**EXERCISE INPUTS:**
=== Section Start ===

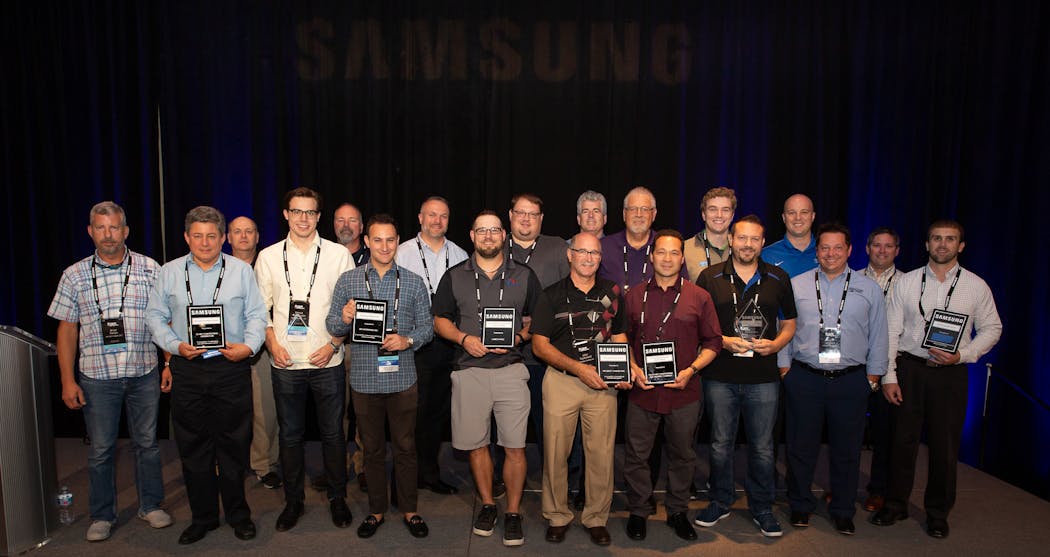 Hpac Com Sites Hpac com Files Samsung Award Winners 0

=== Section End ===
=== Section Start ===

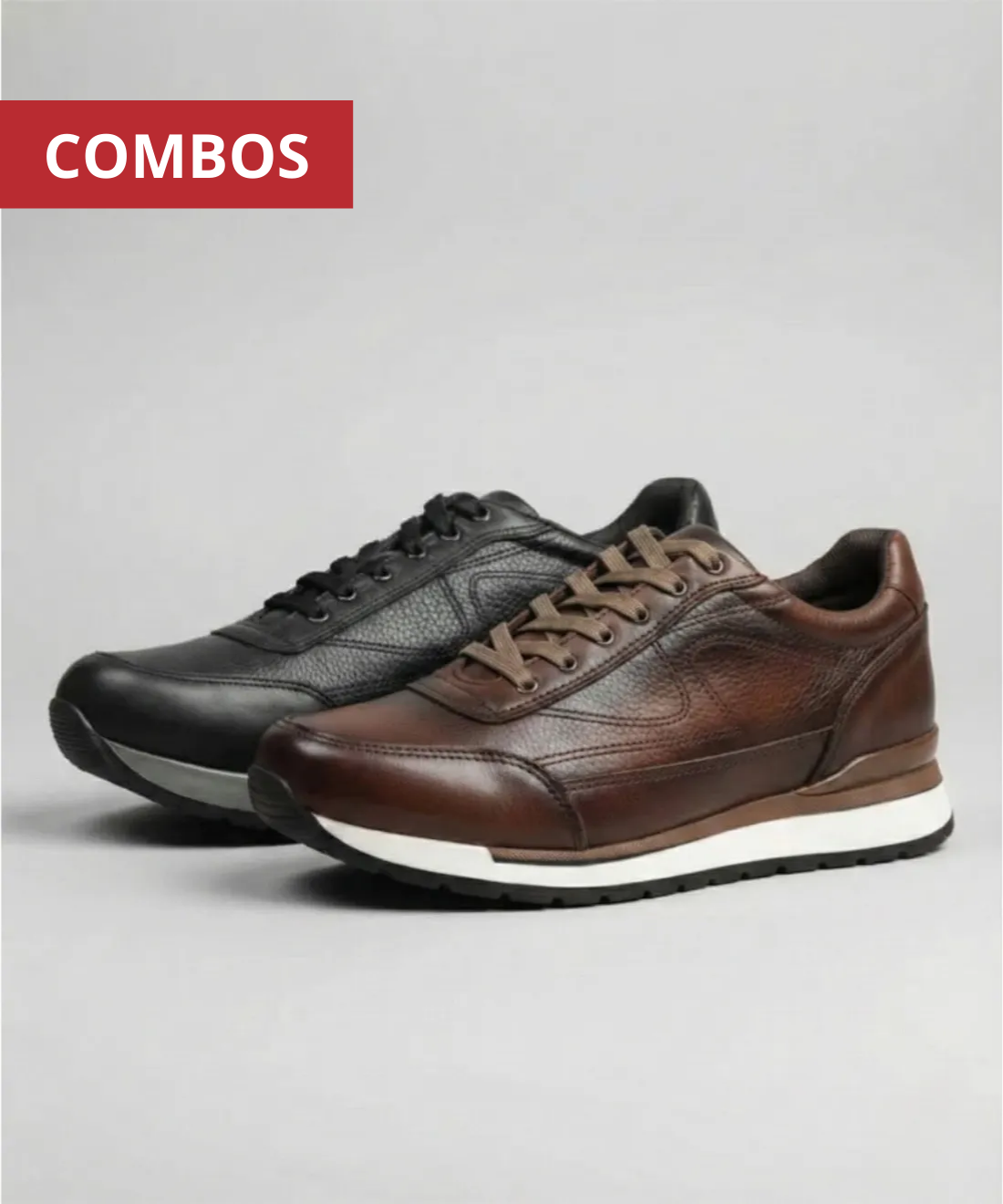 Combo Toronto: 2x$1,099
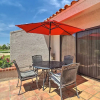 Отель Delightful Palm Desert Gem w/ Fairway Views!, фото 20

=== Section End ===

**WHAT IS NEEDED:**
Transcribe exactly the lines above, beginning at the one with "Combo Toronto: 2x$1,099" and going up to and including the one with "Отель Delightful Palm". Pictures do not belong in the copy.

**TASK ANSWER:**
 Combo Toronto: 2x$1,099
 Отель Delightful Palm Desert Gem w/ Fairway Views!, фото 20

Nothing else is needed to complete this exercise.